On m’a demandé récemment si le blogging était encore utile en 2026, alors que tout le monde semble hypnotisé par les vidéos TikTok et les newsletters sur Substack. Franchement, la question m’a fait sourire. Pas parce qu’elle est bête, mais parce qu’elle révèle un malentendu profond sur ce qu’est vraiment un blog. Un blog n’est pas un article que l’on publie. C’est un acte de positionnement. Et dans un monde où l’IA génère des textes à la chaîne, publier un article réfléchi, signé par un humain, est devenu un signal de confiance plus puissant que jamais.
Le terme « blogging » vient de la contraction de weblog (« web » + « log », soit littéralement « journal sur le web »). L’inventeur de ce nom, Jorn Barger, l’a utilisé pour la première fois en 1997. À l’origine, c’était un journal intime publié en ligne, avec des billets affichés par ordre chronologique inversé, et les lecteurs pouvaient laisser des commentaires. Simple, presque banal. Mais il ne fallait pas s’y tromper : même dans ses habits de journal intime, le blog était un outil de publication radicalement différent de tout ce qui existait avant. Il permettait à n’importe qui de diffuser une parole sans passer par un éditeur. Aujourd’hui, cette liberté est devenue la norme. Le blogging, lui, est devenu un métier à part entière, une stratégie marketing, et pour certains, une véritable source de revenus.
Vous êtes probablement ici parce que vous vous demandez ce que le blogging peut faire pour vous. Que vous soyez une entreprise cherchant à asseoir sa crédibilité, un indépendant voulant vendre son expertise, ou simplement quelqu’un avec une passion à partager, il y a une réponse concrète. Mais attention : il y a une énorme différence entre « créer un blog » et « faire du blogging ».
Points clés à retenir
- Le blogging est l’acte de créer et de tenir un blog : publier du contenu (texte, images, vidéos) sur une thématique précise, pour soi, pour une marque ou pour une communauté.
- C’est un canal de communication direct : un blog permet de devenir un expert reconnu, de gagner en visibilité sur Google et d’interagir avec son audience.

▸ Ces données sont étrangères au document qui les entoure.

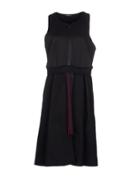 Minimal To Knee-length Dresses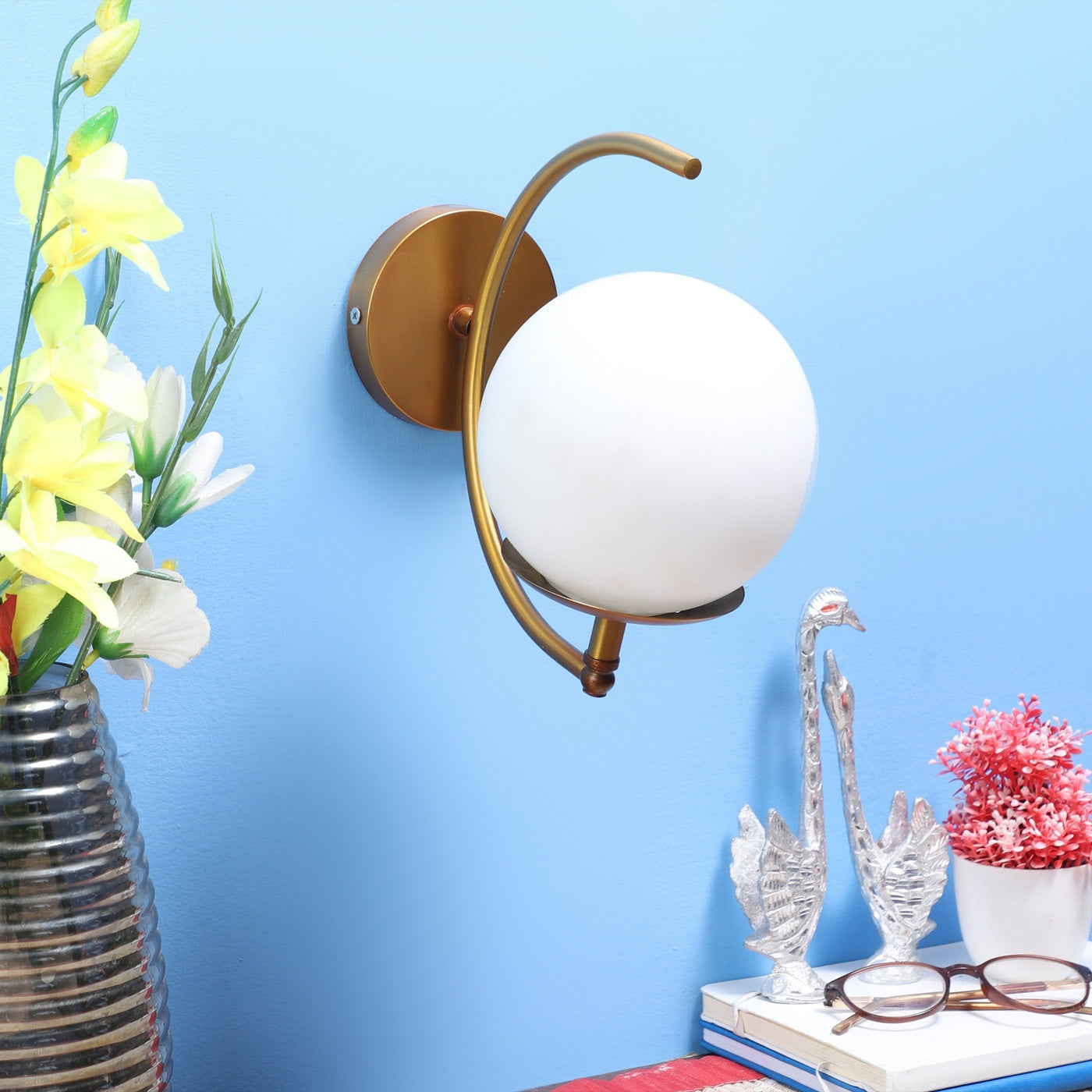 Gold Metal Wall Light - Z-396-1W - Included Bulb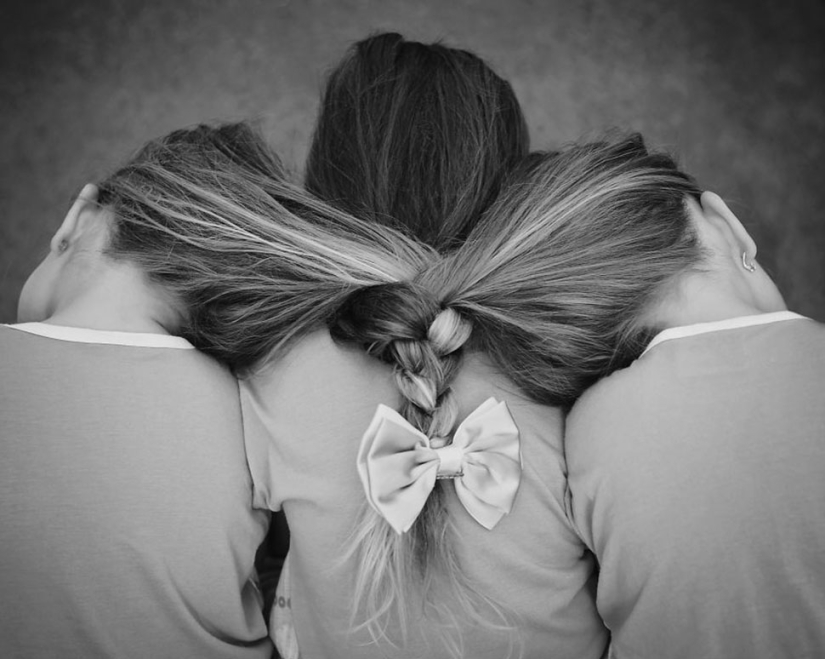 Mamá toma fotos de sus hijas trillizas mientras crecen, y es adorable Mamá toma fotos de sus hijas trillizas mientras crecen, y es adorable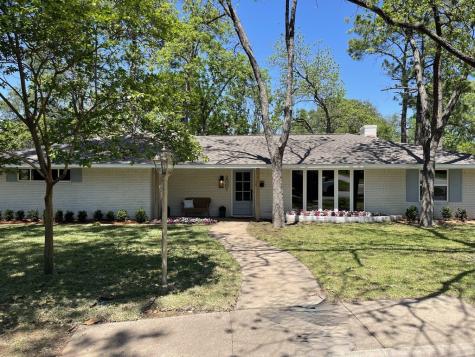 2001 Westview Terrace Arlington TX 76013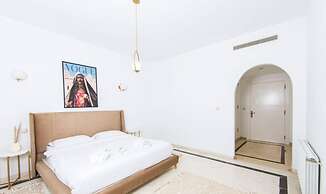 Le Parfait II Bord de mer Central et Luxueux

- Un blog n’est pas un site vitrine : il fonctionne par articles réguliers, toujours affichés du plus récent au plus ancien.
- La monétisation est possible, mais exige une stratégie : publicité, partenariats, vente de produits ou de services ne fonctionnent que si vous définissez précisément votre lecteur cible.
- Le blogging a évolué : du journal intime au magazine 2.0, il est devenu un outil marketing incontournable pour les entreprises, les indépendants et les créateurs.
Qu’est-ce que le blogging, concrètement, en 2026 ?
La définition académique du blogging, c’est « tenir un blog ». Une tautologie qui ne vous aide pas beaucoup, je vous l’accorde. Il faut y voir plus clair. Le blogging, c’est l’exploitation éditoriale d’un espace web que vous contrôlez. C’est la différence fondamentale avec les réseaux sociaux où vous êtes un locataire, pas un propriétaire.
En pratique, faire du blogging implique de rédiger des articles, de les illustrer, de les optimiser pour Google, de les partager sur les réseaux sociaux, et de répondre aux commentaires. Oui, ça fait beaucoup de verbes. Beaucoup de gens sous-estiment cette charge de travail. Ils créent un site WordPress (ou autre), publient trois articles, et au bout d’un mois, ils s’étonnent que le trafic n’explose pas.
Et là, surprise : le trafic n’explose jamais après trois articles. J’ai mis près de 18 mois avant d’atteindre 1 000 visites mensuelles sur mon premier site. Une erreur que j’ai commise au début a été de vouloir parler de tout et de n’importe quoi. Résultat : aucun article ne se classait bien sur Google, et mon audience était inexistante.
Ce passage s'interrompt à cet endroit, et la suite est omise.